[[ GIVEN RECORDS, beginning ]]
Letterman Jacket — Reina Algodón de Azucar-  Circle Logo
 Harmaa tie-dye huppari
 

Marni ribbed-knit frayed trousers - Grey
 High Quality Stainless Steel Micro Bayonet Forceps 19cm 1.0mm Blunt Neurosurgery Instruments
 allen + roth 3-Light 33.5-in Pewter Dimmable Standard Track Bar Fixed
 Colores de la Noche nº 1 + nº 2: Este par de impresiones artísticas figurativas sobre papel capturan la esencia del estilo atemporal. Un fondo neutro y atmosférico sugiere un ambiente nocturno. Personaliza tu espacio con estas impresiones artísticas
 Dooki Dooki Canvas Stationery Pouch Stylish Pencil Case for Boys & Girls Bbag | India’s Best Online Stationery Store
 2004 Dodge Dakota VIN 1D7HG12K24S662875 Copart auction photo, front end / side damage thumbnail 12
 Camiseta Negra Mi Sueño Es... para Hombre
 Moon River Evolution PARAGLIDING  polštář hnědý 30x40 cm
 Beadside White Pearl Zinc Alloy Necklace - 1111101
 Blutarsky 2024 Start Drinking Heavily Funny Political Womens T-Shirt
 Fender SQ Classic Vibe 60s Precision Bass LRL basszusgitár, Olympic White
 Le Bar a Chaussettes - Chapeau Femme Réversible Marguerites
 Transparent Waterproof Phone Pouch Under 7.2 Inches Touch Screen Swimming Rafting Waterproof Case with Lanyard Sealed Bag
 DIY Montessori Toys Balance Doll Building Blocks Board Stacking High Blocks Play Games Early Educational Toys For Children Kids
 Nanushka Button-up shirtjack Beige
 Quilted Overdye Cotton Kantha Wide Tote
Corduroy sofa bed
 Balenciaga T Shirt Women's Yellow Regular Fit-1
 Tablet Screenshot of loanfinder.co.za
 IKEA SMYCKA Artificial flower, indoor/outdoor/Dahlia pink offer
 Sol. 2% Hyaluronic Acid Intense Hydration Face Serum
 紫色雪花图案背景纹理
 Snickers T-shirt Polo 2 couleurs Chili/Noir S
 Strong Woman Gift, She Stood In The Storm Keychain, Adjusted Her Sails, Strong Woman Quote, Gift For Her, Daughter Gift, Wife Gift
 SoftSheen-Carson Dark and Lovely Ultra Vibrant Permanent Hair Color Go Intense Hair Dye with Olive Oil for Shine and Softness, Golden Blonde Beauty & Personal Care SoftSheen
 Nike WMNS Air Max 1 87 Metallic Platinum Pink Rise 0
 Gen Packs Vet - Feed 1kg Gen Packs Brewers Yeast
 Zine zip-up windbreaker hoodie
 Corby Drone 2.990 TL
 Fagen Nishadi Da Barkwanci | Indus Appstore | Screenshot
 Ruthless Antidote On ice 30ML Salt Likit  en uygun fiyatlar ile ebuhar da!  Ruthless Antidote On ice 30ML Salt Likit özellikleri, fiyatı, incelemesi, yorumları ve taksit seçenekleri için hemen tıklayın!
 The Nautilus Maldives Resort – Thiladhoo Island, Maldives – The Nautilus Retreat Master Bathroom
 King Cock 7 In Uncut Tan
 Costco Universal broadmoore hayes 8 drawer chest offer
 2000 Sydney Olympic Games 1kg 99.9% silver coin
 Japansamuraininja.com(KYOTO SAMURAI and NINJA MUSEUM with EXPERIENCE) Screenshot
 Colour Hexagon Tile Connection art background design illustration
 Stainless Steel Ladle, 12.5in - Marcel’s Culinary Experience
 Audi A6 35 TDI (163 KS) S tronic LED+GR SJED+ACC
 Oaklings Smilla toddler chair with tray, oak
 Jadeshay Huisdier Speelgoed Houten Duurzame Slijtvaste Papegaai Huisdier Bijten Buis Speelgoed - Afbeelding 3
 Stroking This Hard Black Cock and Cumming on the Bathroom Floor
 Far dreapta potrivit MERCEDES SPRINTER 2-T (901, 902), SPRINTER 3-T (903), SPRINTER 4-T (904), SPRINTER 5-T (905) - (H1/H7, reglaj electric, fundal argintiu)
[[ GIVEN RECORDS, end ]]
» **WHAT YOU WILL DO**: Take the stretch of lines above from the one containing "Fagen Nishadi Da" through the one containing "2000 Sydney Olympic" and repeat it exactly, adding no other line.

» **SOLUTION**:
 Fagen Nishadi Da Barkwanci | Indus Appstore | Screenshot
 Ruthless Antidote On ice 30ML Salt Likit  en uygun fiyatlar ile ebuhar da!  Ruthless Antidote On ice 30ML Salt Likit özellikleri, fiyatı, incelemesi, yorumları ve taksit seçenekleri için hemen tıklayın!
 The Nautilus Maldives Resort – Thiladhoo Island, Maldives – The Nautilus Retreat Master Bathroom
 King Cock 7 In Uncut Tan
 Costco Universal broadmoore hayes 8 drawer chest offer
 2000 Sydney Olympic Games 1kg 99.9% silver coin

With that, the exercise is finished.